Directions -
Only the lines below between the ones containing "Advanced Night Repair" and "Plaza G. Ricardo Videla", inclusive, are to be reproduced, each exactly as it stands.

Short web captions:
········
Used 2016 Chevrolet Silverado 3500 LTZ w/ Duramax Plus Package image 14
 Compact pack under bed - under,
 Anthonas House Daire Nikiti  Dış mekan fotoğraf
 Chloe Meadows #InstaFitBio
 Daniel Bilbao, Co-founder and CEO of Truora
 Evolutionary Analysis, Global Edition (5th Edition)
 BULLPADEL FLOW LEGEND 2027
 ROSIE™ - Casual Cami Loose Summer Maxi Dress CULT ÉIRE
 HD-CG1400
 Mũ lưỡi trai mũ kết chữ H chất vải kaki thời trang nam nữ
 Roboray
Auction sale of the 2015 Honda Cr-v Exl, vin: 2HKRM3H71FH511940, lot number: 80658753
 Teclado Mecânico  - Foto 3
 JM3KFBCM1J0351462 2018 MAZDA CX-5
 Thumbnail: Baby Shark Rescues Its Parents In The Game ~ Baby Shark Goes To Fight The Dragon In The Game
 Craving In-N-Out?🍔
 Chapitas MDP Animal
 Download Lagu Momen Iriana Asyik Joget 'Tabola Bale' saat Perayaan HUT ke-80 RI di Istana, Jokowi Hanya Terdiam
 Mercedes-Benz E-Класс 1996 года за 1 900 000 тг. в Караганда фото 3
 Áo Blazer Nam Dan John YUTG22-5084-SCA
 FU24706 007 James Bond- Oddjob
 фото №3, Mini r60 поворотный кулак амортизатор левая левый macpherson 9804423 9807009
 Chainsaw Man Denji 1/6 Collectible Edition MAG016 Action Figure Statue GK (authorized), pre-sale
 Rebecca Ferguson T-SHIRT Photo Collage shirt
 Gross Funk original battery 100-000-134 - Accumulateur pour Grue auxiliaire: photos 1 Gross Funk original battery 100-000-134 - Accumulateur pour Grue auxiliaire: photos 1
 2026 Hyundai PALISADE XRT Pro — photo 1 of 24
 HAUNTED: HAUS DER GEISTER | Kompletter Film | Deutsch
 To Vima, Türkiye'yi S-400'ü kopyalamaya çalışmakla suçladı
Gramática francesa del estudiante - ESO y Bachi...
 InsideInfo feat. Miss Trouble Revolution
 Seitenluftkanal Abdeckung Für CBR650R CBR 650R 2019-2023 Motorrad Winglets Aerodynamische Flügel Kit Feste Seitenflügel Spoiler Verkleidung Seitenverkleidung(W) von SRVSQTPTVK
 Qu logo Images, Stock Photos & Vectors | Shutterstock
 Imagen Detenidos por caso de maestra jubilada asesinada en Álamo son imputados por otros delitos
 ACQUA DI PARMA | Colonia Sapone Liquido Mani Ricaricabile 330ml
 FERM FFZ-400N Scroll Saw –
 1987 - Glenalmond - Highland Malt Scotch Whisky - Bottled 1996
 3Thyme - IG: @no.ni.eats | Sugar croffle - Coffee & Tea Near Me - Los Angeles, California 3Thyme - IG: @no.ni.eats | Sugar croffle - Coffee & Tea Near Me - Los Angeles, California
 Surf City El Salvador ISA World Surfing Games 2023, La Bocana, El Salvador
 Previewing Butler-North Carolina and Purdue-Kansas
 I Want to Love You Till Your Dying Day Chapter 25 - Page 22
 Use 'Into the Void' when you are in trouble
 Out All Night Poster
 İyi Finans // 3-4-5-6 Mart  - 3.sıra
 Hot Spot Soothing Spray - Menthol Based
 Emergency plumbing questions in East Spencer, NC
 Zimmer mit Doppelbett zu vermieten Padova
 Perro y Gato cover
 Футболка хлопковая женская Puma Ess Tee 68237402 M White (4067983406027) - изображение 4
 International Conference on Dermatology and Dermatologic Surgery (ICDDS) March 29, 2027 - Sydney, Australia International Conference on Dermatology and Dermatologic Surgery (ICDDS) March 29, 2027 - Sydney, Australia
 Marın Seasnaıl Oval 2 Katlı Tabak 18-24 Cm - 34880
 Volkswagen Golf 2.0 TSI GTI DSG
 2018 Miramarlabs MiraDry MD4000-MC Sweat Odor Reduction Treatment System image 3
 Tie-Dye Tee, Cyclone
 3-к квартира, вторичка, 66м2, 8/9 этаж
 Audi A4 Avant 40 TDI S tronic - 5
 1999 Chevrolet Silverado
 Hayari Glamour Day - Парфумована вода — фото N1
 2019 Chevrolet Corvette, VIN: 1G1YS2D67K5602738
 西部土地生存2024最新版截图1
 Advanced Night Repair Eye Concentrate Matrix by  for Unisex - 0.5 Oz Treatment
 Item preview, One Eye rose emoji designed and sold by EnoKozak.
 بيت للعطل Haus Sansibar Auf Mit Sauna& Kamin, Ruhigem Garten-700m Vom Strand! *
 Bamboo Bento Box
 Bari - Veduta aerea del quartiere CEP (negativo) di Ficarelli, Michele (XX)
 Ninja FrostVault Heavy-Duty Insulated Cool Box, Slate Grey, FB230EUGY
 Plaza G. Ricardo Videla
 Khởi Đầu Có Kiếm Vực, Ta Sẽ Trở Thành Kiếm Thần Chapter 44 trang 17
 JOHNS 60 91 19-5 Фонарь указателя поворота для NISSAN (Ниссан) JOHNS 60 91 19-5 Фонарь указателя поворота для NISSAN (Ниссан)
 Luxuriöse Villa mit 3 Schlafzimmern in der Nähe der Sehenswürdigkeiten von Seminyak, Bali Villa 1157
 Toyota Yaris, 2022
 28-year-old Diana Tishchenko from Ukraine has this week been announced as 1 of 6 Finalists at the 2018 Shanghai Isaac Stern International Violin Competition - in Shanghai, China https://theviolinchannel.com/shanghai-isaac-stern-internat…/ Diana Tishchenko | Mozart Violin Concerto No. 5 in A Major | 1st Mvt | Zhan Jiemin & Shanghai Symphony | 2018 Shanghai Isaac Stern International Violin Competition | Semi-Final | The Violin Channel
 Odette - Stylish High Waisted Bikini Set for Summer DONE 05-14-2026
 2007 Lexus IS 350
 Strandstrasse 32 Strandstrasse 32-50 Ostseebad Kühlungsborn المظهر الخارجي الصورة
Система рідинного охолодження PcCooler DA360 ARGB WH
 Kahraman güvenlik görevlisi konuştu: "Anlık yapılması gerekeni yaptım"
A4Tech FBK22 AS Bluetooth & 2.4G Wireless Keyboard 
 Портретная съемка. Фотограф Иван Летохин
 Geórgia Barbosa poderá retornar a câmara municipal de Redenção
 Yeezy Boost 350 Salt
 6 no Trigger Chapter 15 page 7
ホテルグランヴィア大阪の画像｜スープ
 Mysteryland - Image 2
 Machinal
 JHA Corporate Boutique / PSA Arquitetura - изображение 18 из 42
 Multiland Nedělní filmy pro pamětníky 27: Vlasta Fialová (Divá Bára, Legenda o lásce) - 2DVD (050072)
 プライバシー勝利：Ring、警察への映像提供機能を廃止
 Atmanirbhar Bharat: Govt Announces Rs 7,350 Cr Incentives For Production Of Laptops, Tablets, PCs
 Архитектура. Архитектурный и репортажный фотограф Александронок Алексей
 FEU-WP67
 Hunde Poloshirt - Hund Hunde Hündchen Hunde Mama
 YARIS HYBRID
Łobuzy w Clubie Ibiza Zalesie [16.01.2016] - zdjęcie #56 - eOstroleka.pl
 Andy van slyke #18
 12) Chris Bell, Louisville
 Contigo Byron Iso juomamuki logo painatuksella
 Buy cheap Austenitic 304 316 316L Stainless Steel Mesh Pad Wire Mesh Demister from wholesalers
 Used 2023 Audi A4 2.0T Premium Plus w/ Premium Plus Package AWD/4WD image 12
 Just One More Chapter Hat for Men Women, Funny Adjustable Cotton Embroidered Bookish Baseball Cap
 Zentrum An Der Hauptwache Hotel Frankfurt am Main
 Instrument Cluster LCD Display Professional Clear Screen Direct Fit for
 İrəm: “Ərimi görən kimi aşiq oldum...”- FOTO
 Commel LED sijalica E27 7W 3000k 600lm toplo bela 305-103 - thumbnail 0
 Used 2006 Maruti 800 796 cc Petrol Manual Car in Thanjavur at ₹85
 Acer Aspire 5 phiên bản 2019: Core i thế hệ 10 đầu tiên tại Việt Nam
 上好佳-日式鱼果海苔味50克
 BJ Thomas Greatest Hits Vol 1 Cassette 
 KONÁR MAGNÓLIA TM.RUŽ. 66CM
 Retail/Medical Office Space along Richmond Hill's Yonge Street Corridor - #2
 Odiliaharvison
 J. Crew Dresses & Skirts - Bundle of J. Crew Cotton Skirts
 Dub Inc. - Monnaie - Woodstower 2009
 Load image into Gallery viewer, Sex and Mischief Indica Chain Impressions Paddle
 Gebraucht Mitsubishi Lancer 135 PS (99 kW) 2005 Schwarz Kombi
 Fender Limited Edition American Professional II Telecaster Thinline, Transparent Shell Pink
········
Response below -
 Advanced Night Repair Eye Concentrate Matrix by  for Unisex - 0.5 Oz Treatment
 Item preview, One Eye rose emoji designed and sold by EnoKozak.
 بيت للعطل Haus Sansibar Auf Mit Sauna& Kamin, Ruhigem Garten-700m Vom Strand! *
 Bamboo Bento Box
 Bari - Veduta aerea del quartiere CEP (negativo) di Ficarelli, Michele (XX)
 Ninja FrostVault Heavy-Duty Insulated Cool Box, Slate Grey, FB230EUGY
 Plaza G. Ricardo Videla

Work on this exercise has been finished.